Non-Fungible Tokens (NFTs) are a ground-breaking innovation in the ownership and management of digital assets. Because every NFT is distinct and has a unique identifier, it cannot be copied or traded. Blockchain technology is used to accomplish this uniqueness. NFTs are used to verify ownership of a wide range of digital and physical goods [
21], including digital art, music videos, real estate, gaming avatars etc. NFTs are also crucial to Web 3.0, the next iteration of the Internet that many companies and analysts are pushing. Blockchain’s decentralized structure guarantees the integrity and transparency of ownership data, and smart contracts streamline transactions by automating tasks like ownership transfers and royalty distribution.
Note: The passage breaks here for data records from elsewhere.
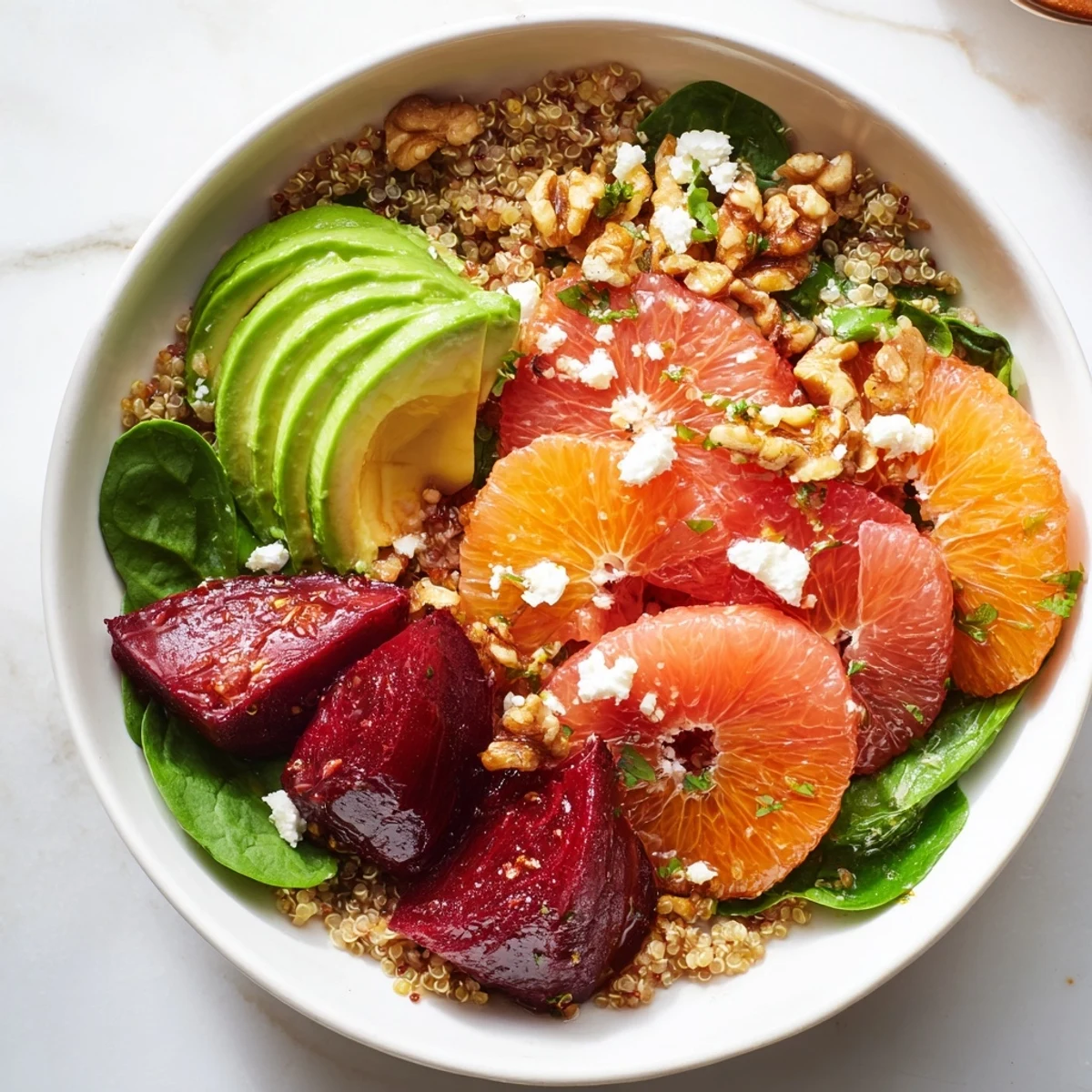Wholesome Roasted Beet and Citrus Grain Bowl served over greens with a zesty dressing drizzle.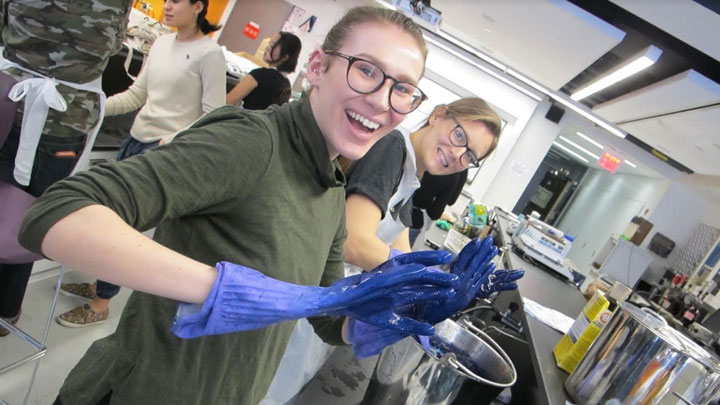 students wearing rubber gloves in the textile lab.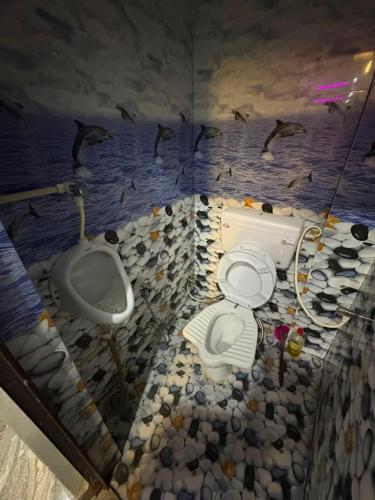 a bathroom with two toilets and a urinal and a sink at Dixit's Villa in Kānpur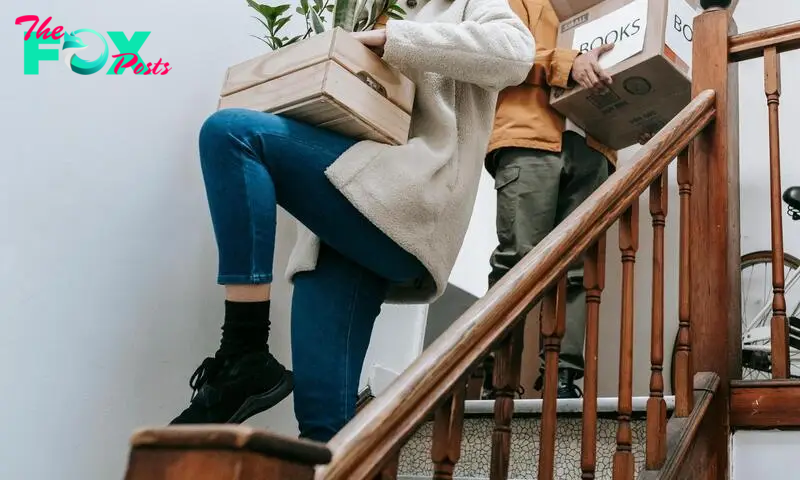 Packed items being carried down stairs | Source: Pexels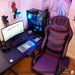 This is the image of the purple/black TS-61 Ergonomic High Back Racer Style Video Gaming Chair in front of a simple PC gaming set-up.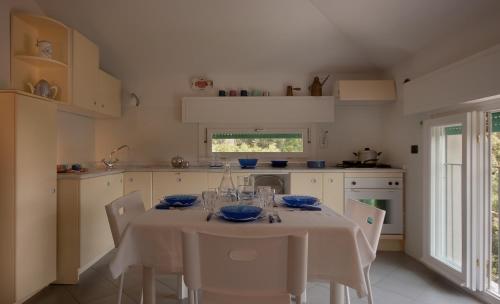 マリーナ・ディ・ピエトラサンタにあるMaestrale 2のテーブルと椅子、テーブルクロス付きのキッチンが備わります。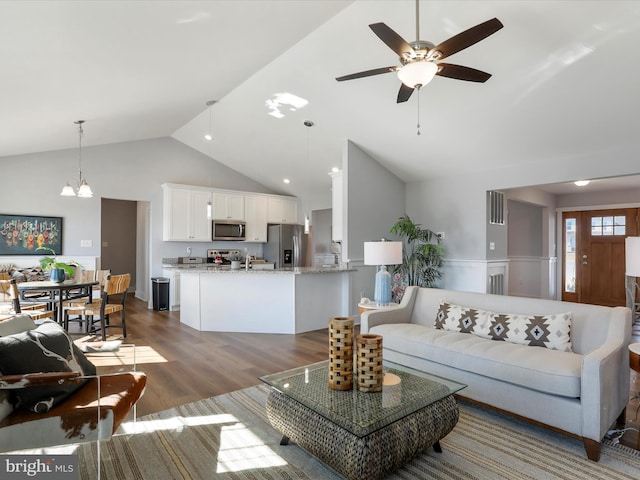 living area with ceiling fan with notable chandelier, high vaulted ceiling, dark wood-style flooring, and visible vents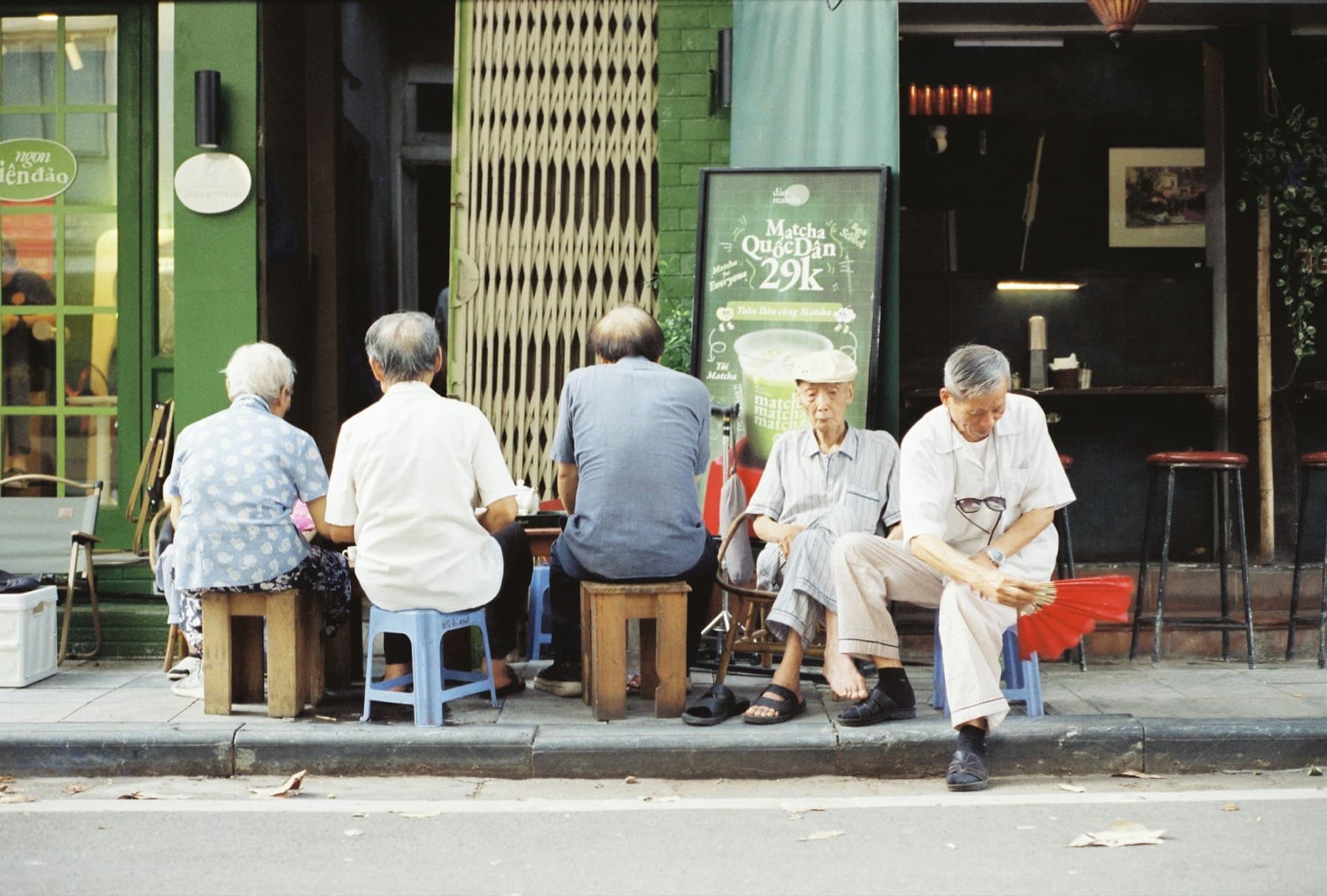 Neighbours sitting on stools outside a local shop, talking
Finally, the NFT process algorithm starts with the digital asset being initialized, having its nature defined, and being given a unique identification. The implementation of a smart contract that oversees the NFT requires integration with a Blockchain platform, such as Ethereum, via the ERC-721 standard [
22]. The NFT is created during the minting process by adding ownership information and other pertinent metadata to the smart contract. Smart contract updates enable ownership transfers, guaranteeing safe and transparent transactions documented on Blockchain. The NFT ecosystem is made more efficient by automating features in the smart contract, such as the distribution of royalties upon resale. NFTs are posted on NFT marketplaces such as OpenSea or Rarible, where buyers and sellers can transact to make them more widely available [
21]. Verifying the integrity of related metadata and examining ownership records on the Blockchain are two steps in the process of authenticating NFTs. The foundation of the NFT lifecycle is the aforementioned algorithmic procedure, which provides a methodical way to create, transfer, and confirm ownership of distinct digital assets on the Blockchain. The whole process is depicted graphically in
Figure 3.